(Data to process):
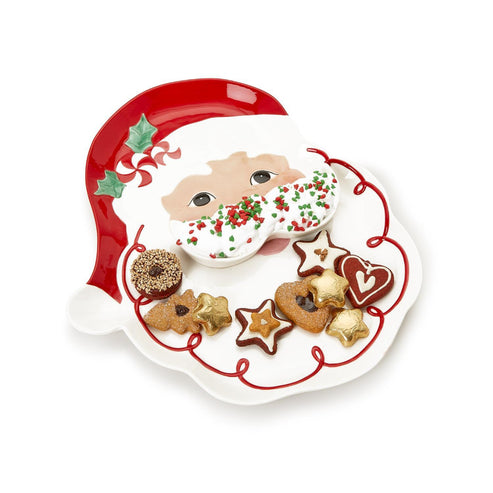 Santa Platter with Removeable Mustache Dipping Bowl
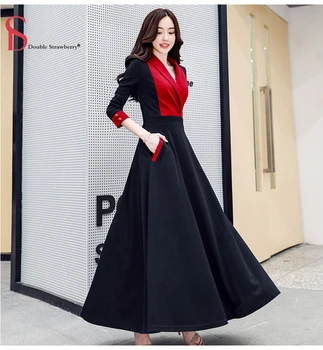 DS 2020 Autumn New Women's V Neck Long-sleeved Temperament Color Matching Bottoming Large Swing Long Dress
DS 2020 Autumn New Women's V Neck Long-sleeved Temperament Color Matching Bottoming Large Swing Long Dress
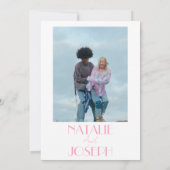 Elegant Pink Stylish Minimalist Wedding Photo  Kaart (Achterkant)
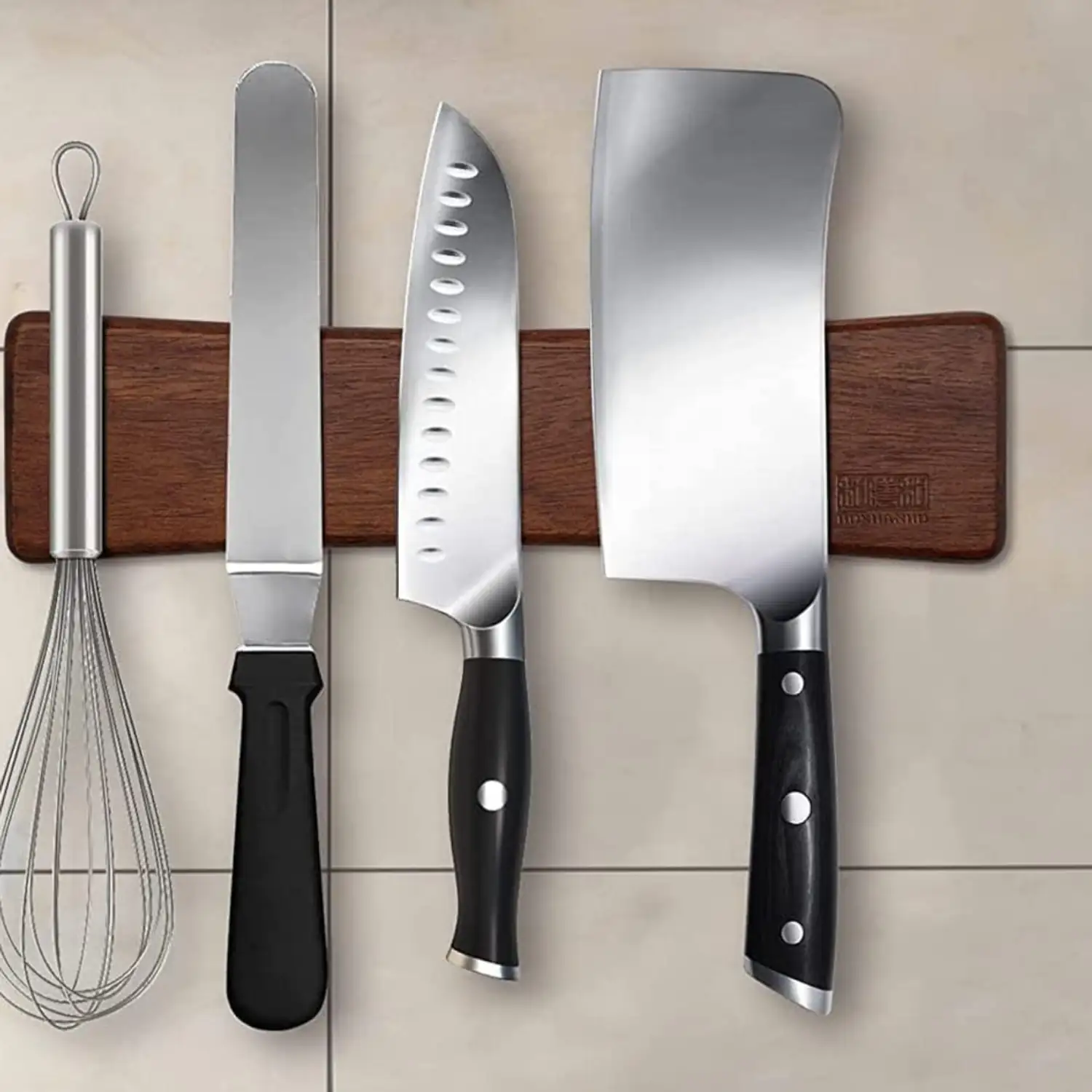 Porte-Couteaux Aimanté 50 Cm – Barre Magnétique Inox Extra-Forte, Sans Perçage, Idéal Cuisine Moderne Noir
* * *
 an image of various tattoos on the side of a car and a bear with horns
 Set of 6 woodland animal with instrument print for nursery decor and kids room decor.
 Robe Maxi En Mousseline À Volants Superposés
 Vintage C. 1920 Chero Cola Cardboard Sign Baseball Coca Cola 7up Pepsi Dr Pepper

(Try it): Begin at the line that has "an image of" in the entries above; stop after the line that has "Vintage C. 1920". Transcribe exactly those lines and no others.

(Result for this exercise):
 an image of various tattoos on the side of a car and a bear with horns
 Set of 6 woodland animal with instrument print for nursery decor and kids room decor.
 Robe Maxi En Mousseline À Volants Superposés
 Vintage C. 1920 Chero Cola Cardboard Sign Baseball Coca Cola 7up Pepsi Dr Pepper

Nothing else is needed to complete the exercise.